Here's the thing re: toy stuff. I gotta be honest, but I think the core market for it is just...dwindling. Kids don't connect with toys the way they used to, at least based on my own observations.
My daughter is 8 now. Over the years, we've bought her various toys, from stuff in the Peppa Pig line, to Fisher Price figures, to Bluey, to Star Wars Misssion Fleet, to Barbie. Thus far, the only stuff with staying power has been the Star Wars and Barbie stuff, and even that stuff she plays with sporadically. She plays waaaaaaaaay more with her stuffed animals, usually playing pretend with them. She still plays with the other stuff, but we gave away the Peppa, Fisher Price, and Bluey stuff. Mostly she's just...meh on the bulk of it. She'll think a toy is cool, but in terms of what she actually plays with, it's not especially consistent, and she often loses interest in things and then just moves on. She was SUPER into Harry Potter, consumed EVERYTHING associated with it, and then...just moved on as soon as she finished with it. Now she's on to Percy Jackson, and in another month, who knows?
She's getting into creating stuff on her mom's iPad, and she's always enjoyed this or that kid-oriented game on some touchscreen device. I think in an environment where kids cycle through franchises fast, where nothing really lingers, and where toys are just one thing to play with (rather than the ONLY thing) and compete for playtime with electronics, it's really hard for toy brands to dominate the way they did before the Nintendo was invented, ya know?
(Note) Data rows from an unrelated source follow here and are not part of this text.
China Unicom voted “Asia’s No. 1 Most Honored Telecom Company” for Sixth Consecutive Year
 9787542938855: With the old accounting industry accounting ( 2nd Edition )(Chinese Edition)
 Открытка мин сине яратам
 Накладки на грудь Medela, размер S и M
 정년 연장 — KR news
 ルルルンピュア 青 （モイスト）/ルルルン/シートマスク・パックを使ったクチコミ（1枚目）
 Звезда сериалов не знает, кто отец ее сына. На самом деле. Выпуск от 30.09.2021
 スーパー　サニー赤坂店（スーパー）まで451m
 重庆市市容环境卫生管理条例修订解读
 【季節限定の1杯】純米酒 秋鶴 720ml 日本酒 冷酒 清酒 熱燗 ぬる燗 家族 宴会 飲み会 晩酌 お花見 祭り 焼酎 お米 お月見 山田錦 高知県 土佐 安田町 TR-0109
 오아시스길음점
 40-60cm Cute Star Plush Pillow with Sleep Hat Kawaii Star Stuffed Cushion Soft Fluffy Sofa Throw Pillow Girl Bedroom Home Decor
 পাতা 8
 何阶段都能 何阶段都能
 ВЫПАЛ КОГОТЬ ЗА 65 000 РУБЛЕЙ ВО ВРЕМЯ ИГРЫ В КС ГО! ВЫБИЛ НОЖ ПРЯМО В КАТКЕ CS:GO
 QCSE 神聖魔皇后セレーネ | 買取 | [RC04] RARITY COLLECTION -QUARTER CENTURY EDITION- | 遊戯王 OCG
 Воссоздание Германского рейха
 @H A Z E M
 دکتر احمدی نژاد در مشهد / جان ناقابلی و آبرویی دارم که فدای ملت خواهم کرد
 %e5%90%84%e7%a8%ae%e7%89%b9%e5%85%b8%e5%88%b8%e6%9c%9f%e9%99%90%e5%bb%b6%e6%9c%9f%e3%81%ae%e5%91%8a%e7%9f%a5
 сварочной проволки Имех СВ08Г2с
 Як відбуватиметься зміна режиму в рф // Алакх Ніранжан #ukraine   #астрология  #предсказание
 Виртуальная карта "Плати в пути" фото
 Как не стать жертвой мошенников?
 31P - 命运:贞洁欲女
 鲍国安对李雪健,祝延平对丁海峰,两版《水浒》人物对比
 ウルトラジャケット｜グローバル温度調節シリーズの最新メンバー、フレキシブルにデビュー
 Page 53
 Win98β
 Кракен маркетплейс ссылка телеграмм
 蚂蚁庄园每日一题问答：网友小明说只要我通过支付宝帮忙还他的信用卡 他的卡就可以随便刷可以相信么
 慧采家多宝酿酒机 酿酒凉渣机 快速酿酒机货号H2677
I mean, a ton of us here grew up in the late 70s/early 80s, at a time that was just the perfect storm for toy lines. You had the deregulation of children's television, you had a lack of really compelling electronic alternatives (I mean, yeah, there was the Atari, but it was all extremely rudimentary), what could you do? Play with toys. Play with the toys that were on the shows you watched, and where each new season or episode introduced a new toy. Now? Kids play Minecraft or Fortnight or play with their stuffies and then go draw a thing on Sketch or some other creative app on a touchscreen. Why stock a toy aisle under those circumstances, apart from selling to the aging collectors market?